Conseils pour la récolte des plantes médicinales :
- Récolter de préférence un matin ensoleillé et sec, après l’évaporation de la rosée.
- Vérifier que l’on cueille la bonne plante et la bonne partie (une erreur peut être dangereuse).
- Utiliser un couteau ou des ciseaux bien affûtés ; couper les vivaces de manière à favoriser leur repousse.
- Éviter les plantes malades, attaquées par les insectes ou poussant dans des zones polluées.
- Récolter au stade optimal :
- fleurs lorsqu’elles s’ouvrent,
- feuilles lorsqu’elles sont pleinement développées,
- fruits, baies et graines lorsqu’ils sont mûrs,
- plantes entières lorsqu’elles ont atteint leur maturité.
Conseils pour le séchage :
- Toujours sécher dans un endroit ombragé et bien ventilé.
- Étaler les feuilles, fleurs, racines ou écorces sur des claies ou les suspendre en bouquets dans un lieu sec.
- Éviter le papier journal (encre toxique), préférer du papier brun.
- Éliminer tout matériau mal séché, décoloré ou présentant des traces de moisissure.
- Une fois secs, couper les végétaux en morceaux adaptés et les conserver dans des bocaux stérilisés ou des sachets en papier kraft, bien étiquetés.
Transformation industrielle
Contrairement à l’image traditionnelle des décoctions mijotant dans des casseroles, une grande partie de la production moderne de remèdes à base de plantes se fait dans des usines pharmaceutiques de haute technologie, respectant les normes de Bonnes Pratiques de Fabrication (GMP).
De nombreuses entreprises de phytopharmacie appartiennent d’ailleurs aux grands groupes pharmaceutiques.
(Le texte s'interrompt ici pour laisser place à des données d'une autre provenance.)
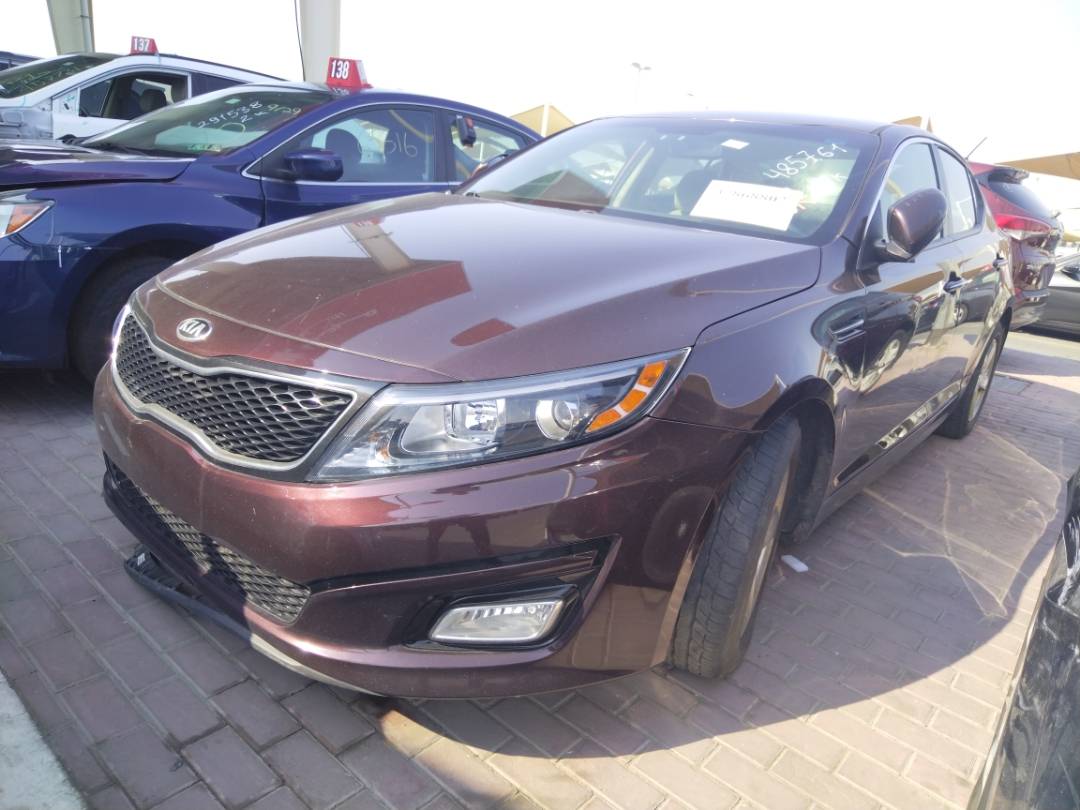 2015 KIA OPTIMA — 156020 Miles — Lot 37868802 - Marhaba Auctions Used Cars - Image 10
Dans ces structures, les produits finaux (gélules, comprimés, extraits) ne rappellent leur origine végétale que par les livraisons de matière première.
Ces procédés industriels permettent d’obtenir des préparations fiables et standardisées, mais certains petits producteurs artisanaux continuent à offrir des remèdes de qualité supérieure, comparables aux meilleurs vins issus de petites exploitations.
Gélules et comprimés
Ils sont généralement fabriqués à partir :
- de poudres de plantes,
- d’extraits mous (20 à 30 % d’eau),
- ou d’extraits secs (moins de 5 % d’eau, facilement réduits en poudre).
Ces extraits permettent de garantir des doses uniformes et précises.
Extraits standardisés et extraits purifiés
Les extraits standardisés sont des préparations (comprimés, gélules, teintures) contenant une quantité minimale garantie d’un ou plusieurs constituants actifs. Grâce à des techniques comme la chromatographie liquide haute performance (HPLC), chaque lot est analysé afin de vérifier sa teneur.
Exemples :
- le ginkgo (Ginkgo biloba), standardisé en flavone-glycosides,
- le chardon-Marie (Silybum marianum), standardisé en silymarine,
- le millepertuis (Hypericum perforatum), parfois standardisé sur deux composants (hypericine et hyperforine).
Certains spécialistes préfèrent toutefois les extraits « spectre complet », qui conservent la complexité naturelle de la plante, estimant que c’est la synergie de ses nombreux composants qui produit l’effet thérapeutique.
À l’opposé, les extraits purifiés concentrent fortement certains principes actifs (parfois jusqu’à 2 000 fois), au détriment des autres. Dans ce cas, on obtient plutôt des produits « mi-végétaux, mi-chimiques » que de véritables remèdes à base de plantes. C’est le cas de certains extraits d’isoflavones de trèfle rouge (Trifolium pratense) ou de produits à base d’aloe vera.
Conclusion
La fabrication des remèdes à base de plantes oscille aujourd’hui entre deux mondes : celui des savoir-faire traditionnels, basés sur la récolte raisonnée et le respect du cycle naturel des plantes, et celui de la phytopharmacie industrielle, qui assure standardisation et sécurité d’usage.
L’idéal, pour le consommateur averti, est de rechercher des produits issus de cultures biologiques, respectant l’équilibre naturel, tout en profitant des garanties de qualité qu’apporte une fabrication contrôlée.